What you are asked to do: Will you quote only the lines starting at the one that contains "Above The River" and ending with the last line of the listing below, inclusive?

Extracted material:
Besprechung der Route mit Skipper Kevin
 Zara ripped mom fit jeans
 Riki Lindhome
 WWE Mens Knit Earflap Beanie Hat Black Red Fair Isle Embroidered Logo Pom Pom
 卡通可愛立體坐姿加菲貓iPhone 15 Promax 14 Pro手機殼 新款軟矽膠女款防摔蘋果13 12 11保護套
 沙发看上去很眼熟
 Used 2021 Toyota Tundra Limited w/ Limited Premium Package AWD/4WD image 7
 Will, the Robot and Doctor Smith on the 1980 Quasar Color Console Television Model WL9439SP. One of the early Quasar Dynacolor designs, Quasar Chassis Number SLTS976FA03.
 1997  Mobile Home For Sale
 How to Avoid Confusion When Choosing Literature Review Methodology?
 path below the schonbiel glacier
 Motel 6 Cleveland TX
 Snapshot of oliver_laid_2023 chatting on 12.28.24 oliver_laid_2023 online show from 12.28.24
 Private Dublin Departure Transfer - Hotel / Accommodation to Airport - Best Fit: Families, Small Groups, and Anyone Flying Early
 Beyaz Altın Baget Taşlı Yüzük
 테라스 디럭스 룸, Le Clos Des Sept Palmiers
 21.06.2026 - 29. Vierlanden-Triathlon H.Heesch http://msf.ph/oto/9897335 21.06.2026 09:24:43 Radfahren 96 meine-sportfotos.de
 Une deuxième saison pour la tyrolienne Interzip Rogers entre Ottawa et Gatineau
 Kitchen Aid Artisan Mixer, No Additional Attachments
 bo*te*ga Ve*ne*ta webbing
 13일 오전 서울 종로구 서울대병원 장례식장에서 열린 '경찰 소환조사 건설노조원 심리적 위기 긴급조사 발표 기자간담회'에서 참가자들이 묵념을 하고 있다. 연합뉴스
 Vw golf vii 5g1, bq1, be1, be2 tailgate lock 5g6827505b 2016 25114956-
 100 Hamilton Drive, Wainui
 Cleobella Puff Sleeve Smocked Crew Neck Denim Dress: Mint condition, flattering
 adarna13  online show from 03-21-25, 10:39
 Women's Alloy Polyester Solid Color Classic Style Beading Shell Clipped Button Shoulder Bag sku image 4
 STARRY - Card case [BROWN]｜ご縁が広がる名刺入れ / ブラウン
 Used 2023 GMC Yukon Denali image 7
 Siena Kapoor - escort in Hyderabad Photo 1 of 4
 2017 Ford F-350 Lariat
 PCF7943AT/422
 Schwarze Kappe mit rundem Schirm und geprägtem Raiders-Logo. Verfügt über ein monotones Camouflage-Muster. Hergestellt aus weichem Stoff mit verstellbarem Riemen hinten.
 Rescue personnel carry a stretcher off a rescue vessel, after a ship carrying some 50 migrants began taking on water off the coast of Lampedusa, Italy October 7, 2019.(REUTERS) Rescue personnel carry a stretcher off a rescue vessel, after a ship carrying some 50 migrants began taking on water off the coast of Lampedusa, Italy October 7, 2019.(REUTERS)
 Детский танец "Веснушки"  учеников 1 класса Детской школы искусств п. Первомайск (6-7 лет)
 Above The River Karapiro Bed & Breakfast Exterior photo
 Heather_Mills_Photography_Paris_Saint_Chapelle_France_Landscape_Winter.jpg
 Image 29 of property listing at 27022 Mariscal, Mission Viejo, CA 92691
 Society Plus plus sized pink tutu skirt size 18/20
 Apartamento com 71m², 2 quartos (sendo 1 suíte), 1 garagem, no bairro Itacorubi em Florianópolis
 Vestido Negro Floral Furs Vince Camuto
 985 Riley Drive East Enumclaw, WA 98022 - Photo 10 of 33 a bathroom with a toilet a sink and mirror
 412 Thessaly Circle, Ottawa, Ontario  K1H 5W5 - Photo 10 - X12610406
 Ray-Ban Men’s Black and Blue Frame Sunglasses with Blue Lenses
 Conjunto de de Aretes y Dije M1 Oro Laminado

Output for this task:
 Above The River Karapiro Bed & Breakfast Exterior photo
 Heather_Mills_Photography_Paris_Saint_Chapelle_France_Landscape_Winter.jpg
 Image 29 of property listing at 27022 Mariscal, Mission Viejo, CA 92691
 Society Plus plus sized pink tutu skirt size 18/20
 Apartamento com 71m², 2 quartos (sendo 1 suíte), 1 garagem, no bairro Itacorubi em Florianópolis
 Vestido Negro Floral Furs Vince Camuto
 985 Riley Drive East Enumclaw, WA 98022 - Photo 10 of 33 a bathroom with a toilet a sink and mirror
 412 Thessaly Circle, Ottawa, Ontario  K1H 5W5 - Photo 10 - X12610406
 Ray-Ban Men’s Black and Blue Frame Sunglasses with Blue Lenses
 Conjunto de de Aretes y Dije M1 Oro Laminado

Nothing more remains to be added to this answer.